● **What you will do**
Provide the number of lines of the records that include "Knit", with no other content.

● **Exercise data**
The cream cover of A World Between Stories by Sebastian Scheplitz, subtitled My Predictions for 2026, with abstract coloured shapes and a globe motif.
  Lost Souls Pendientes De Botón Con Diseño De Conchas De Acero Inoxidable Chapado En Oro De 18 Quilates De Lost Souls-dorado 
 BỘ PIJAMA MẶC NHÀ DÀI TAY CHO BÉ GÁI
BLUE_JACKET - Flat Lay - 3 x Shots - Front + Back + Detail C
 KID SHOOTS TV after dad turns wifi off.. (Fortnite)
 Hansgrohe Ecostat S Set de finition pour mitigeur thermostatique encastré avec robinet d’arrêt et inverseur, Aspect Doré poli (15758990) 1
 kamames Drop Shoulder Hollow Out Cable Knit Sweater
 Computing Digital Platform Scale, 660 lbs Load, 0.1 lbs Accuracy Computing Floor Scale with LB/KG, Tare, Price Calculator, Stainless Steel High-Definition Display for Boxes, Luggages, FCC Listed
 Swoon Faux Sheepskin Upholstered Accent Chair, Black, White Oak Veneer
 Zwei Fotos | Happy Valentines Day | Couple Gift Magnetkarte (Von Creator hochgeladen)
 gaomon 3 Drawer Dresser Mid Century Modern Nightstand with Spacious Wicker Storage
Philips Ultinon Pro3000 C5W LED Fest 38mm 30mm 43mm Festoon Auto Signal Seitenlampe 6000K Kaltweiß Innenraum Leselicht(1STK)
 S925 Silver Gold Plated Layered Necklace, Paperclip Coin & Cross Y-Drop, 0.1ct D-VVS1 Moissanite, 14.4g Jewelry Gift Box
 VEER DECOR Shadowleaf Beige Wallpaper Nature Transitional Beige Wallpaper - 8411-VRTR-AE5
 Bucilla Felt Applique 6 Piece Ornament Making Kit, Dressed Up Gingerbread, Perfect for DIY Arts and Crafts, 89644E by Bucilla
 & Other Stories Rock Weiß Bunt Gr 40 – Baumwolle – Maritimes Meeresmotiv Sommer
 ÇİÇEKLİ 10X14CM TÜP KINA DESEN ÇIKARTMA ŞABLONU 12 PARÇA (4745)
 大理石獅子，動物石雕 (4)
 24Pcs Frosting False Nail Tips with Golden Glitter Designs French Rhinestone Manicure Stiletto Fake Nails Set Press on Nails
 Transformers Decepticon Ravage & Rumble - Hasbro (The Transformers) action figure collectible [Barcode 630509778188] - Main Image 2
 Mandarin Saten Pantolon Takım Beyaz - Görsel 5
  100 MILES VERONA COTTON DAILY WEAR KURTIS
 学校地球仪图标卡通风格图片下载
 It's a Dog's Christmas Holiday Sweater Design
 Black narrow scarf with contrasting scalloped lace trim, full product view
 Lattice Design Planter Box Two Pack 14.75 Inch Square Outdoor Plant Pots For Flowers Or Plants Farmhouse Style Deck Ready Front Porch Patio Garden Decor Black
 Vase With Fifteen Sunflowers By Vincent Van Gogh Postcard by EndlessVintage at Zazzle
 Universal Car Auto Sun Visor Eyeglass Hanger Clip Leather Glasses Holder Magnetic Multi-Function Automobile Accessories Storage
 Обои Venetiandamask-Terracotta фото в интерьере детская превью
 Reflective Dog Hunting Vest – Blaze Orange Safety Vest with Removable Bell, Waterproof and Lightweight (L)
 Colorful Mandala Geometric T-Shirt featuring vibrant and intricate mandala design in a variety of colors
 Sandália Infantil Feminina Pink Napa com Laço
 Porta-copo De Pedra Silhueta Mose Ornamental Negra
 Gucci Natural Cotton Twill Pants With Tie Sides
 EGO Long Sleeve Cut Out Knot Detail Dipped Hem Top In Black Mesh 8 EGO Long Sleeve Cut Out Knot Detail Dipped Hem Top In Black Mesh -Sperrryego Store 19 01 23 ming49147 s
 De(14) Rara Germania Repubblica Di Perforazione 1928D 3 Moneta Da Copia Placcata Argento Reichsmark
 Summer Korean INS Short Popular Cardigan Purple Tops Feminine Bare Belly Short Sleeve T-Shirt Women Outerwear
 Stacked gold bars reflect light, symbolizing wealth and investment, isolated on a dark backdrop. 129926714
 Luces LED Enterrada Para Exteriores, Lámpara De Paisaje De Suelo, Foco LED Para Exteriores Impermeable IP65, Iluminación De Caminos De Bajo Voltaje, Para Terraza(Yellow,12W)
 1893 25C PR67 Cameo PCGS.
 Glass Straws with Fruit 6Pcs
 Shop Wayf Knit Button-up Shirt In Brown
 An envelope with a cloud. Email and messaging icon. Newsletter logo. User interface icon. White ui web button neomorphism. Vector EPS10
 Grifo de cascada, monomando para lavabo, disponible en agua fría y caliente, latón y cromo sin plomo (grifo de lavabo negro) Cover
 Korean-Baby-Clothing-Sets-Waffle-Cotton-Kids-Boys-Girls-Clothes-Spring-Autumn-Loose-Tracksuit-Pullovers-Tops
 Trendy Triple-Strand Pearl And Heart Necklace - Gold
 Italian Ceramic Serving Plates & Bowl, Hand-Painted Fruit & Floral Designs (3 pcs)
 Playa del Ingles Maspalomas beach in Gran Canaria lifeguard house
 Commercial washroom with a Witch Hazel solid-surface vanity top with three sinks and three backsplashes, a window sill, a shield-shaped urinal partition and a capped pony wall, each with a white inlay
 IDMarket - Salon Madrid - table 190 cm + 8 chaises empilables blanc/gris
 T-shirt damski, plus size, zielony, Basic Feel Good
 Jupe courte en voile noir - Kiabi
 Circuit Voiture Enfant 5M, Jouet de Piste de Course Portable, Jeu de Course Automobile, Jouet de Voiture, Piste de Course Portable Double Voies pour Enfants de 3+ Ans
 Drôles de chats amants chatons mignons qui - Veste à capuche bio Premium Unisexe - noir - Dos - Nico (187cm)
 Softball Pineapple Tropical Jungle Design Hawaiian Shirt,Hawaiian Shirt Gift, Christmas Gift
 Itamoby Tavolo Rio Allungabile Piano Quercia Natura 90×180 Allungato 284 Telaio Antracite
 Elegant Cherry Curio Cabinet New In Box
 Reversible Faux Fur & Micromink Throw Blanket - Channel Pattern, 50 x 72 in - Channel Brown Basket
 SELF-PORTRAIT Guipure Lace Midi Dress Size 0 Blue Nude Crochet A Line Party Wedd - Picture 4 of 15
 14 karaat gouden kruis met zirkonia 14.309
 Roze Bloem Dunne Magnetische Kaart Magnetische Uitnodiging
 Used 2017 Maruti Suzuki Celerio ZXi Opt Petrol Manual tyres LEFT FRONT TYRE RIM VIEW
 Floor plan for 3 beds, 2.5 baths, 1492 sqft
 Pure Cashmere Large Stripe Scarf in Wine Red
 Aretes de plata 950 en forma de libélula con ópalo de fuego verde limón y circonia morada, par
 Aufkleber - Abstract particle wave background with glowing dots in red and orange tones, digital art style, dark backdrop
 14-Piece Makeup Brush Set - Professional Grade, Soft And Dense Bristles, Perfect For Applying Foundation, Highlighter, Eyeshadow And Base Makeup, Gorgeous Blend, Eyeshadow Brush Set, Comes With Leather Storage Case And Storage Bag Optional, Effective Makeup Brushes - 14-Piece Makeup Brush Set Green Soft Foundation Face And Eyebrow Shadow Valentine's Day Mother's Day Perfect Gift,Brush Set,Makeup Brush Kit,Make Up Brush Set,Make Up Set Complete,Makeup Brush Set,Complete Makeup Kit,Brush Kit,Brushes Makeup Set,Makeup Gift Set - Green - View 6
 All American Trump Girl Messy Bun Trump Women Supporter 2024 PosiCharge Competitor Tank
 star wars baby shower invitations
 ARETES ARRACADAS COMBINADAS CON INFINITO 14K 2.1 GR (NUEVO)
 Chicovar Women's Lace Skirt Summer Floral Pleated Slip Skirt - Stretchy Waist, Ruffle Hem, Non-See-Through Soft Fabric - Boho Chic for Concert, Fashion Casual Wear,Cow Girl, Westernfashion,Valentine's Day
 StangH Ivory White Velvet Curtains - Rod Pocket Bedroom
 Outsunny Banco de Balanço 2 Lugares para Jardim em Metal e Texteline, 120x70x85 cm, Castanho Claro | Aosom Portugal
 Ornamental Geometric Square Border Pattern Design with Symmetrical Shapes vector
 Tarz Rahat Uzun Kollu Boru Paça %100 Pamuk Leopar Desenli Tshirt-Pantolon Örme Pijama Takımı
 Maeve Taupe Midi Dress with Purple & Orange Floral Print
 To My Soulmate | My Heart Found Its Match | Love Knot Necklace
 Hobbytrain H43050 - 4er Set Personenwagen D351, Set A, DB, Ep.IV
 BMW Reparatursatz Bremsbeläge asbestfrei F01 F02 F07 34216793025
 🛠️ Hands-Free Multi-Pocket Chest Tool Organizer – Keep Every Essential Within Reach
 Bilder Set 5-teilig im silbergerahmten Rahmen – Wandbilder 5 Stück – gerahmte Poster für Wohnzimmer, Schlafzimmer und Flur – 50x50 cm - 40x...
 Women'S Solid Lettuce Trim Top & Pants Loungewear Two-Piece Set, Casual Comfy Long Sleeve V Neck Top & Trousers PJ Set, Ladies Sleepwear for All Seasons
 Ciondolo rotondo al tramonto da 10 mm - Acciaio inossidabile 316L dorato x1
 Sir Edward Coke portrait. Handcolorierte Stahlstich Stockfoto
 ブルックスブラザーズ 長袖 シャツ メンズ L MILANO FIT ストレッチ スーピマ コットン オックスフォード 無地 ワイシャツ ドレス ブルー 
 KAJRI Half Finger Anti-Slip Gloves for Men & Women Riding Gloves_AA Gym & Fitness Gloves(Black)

● **Task result**
2